Work request:
Write out only the lines from the line containing "Siyah masada farklı" to the end of the listing below, both included, exactly as they stand. Drop the pictures.

Data segment Start Marker

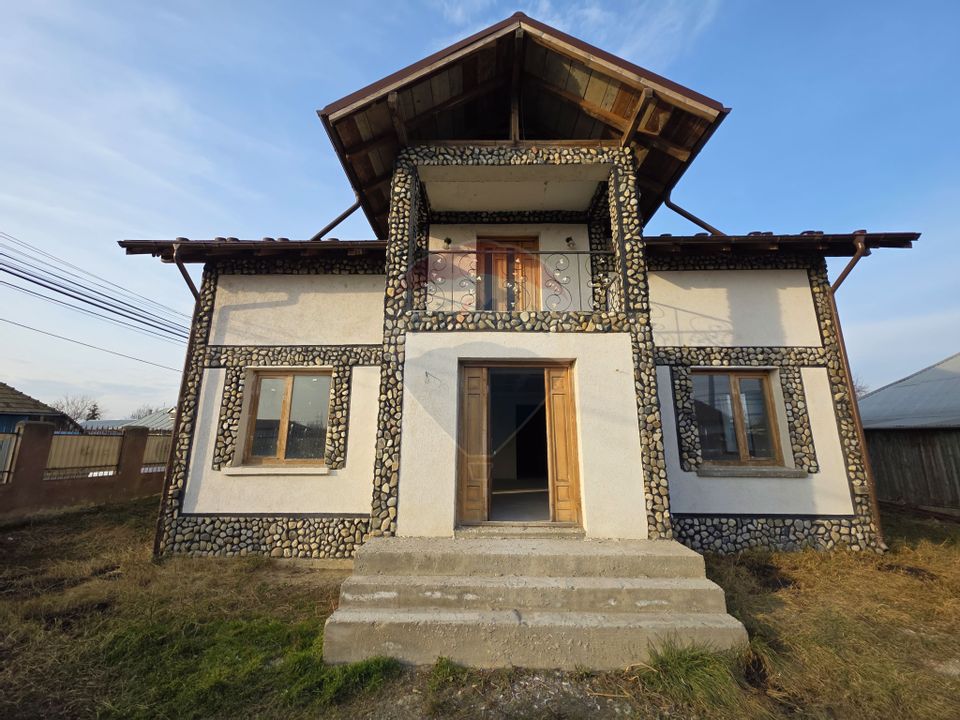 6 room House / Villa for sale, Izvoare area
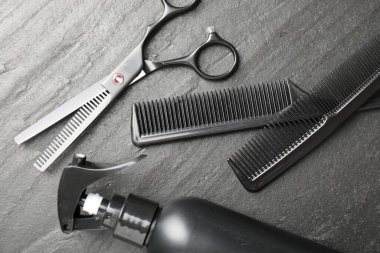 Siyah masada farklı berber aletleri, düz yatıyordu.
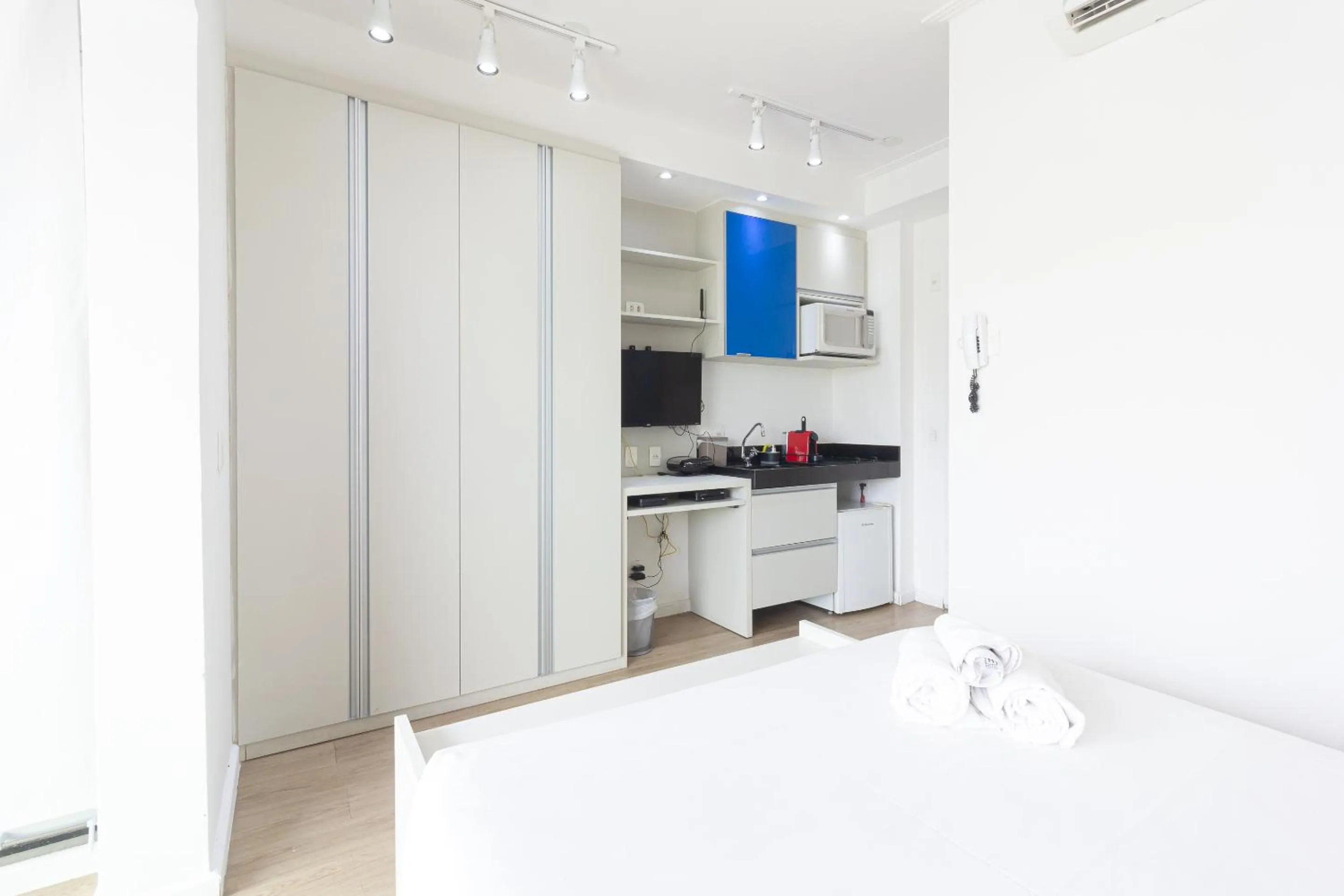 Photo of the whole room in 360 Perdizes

Data segment End Marker

Your solution:
 Siyah masada farklı berber aletleri, düz yatıyordu.
 Photo of the whole room in 360 Perdizes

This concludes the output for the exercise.